Saving the Lost Art of Conversation - zt
http://www.theatlantic.com/magazine/archive/2014/01/the-eavesdropper/355727/
======
moron4hire
If you find yourself having dull conversations, stop socializing with dull
people.

My entire quality of life improved dramatically when I stopped going to the
same, old wells for my friendships.

First, I stopped trying to be friends with everyone I met. Not everyone is
going to fit in your life. I don't mean that there will be arguments, just
that things you find interesting won't be interesting to some other people as
it would be to some other-other people. So, the pursuit of making everyone
like me required that I focus on their interests and be deferential to them.
Well, turns out, most people don't like a carpet as a friend. It's far better
to be interesting yourself, in some specific way, forgo the potential
friendships that don't "get you", and cultivate the ones that do. In other
words, I was trying to make quality out of everything, which is impossible.
It's better to winnow quality out of quantity.

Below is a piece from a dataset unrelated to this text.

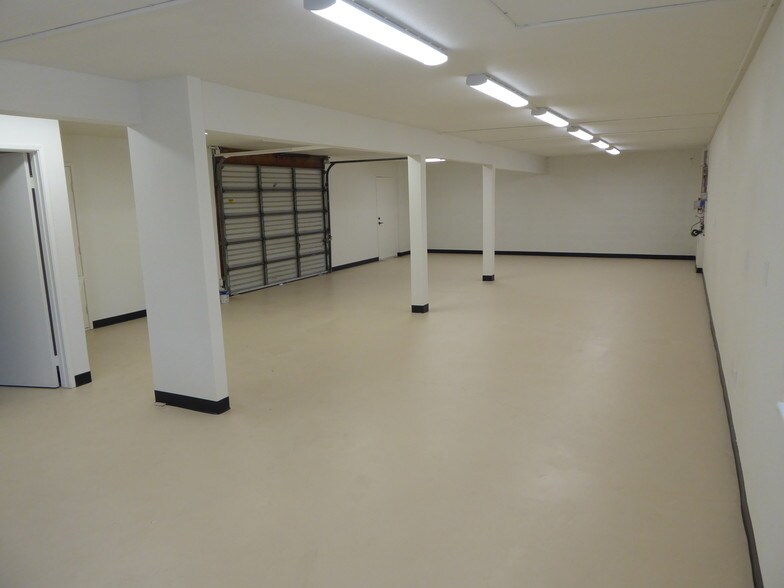 More Photos Of 1540 Pioneer Way, El Cajon Light Distribution For Lease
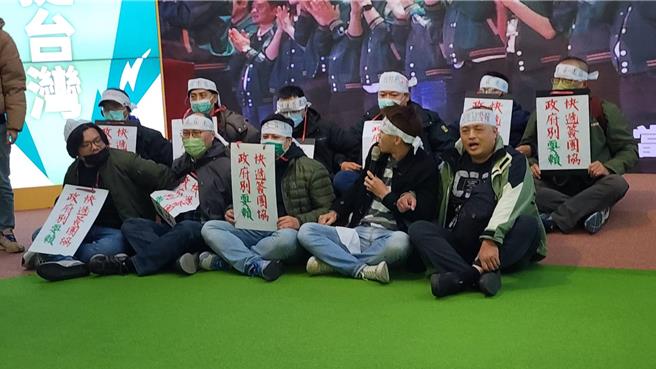 中华快递工会员工进入赖的竞总内静坐、抗议。（警方提供）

Second, I stopped prioritizing friendship based on length-of-time. Most of the
kids I grew up with grew apart in college, as people do, but afterwards we
clung to this idea that we were once friends, thus should always be friends.
It became a serious issue of clashing ideologies, and I realized that, if we
had met today, we would have been much more polite to each other than we had
come to be, and we would not be trying to spend a lot of time with each other.
This notion of eternal friendship was exactly the reason why we were arguing
so much all the time. It made us refuse to see the differences between us.

I just stopped spending effort on relationships that weren't going anywhere.
The interesting people who were interested in me were out there. I just had to
find them. Once found, the conversation was, of course, interesting.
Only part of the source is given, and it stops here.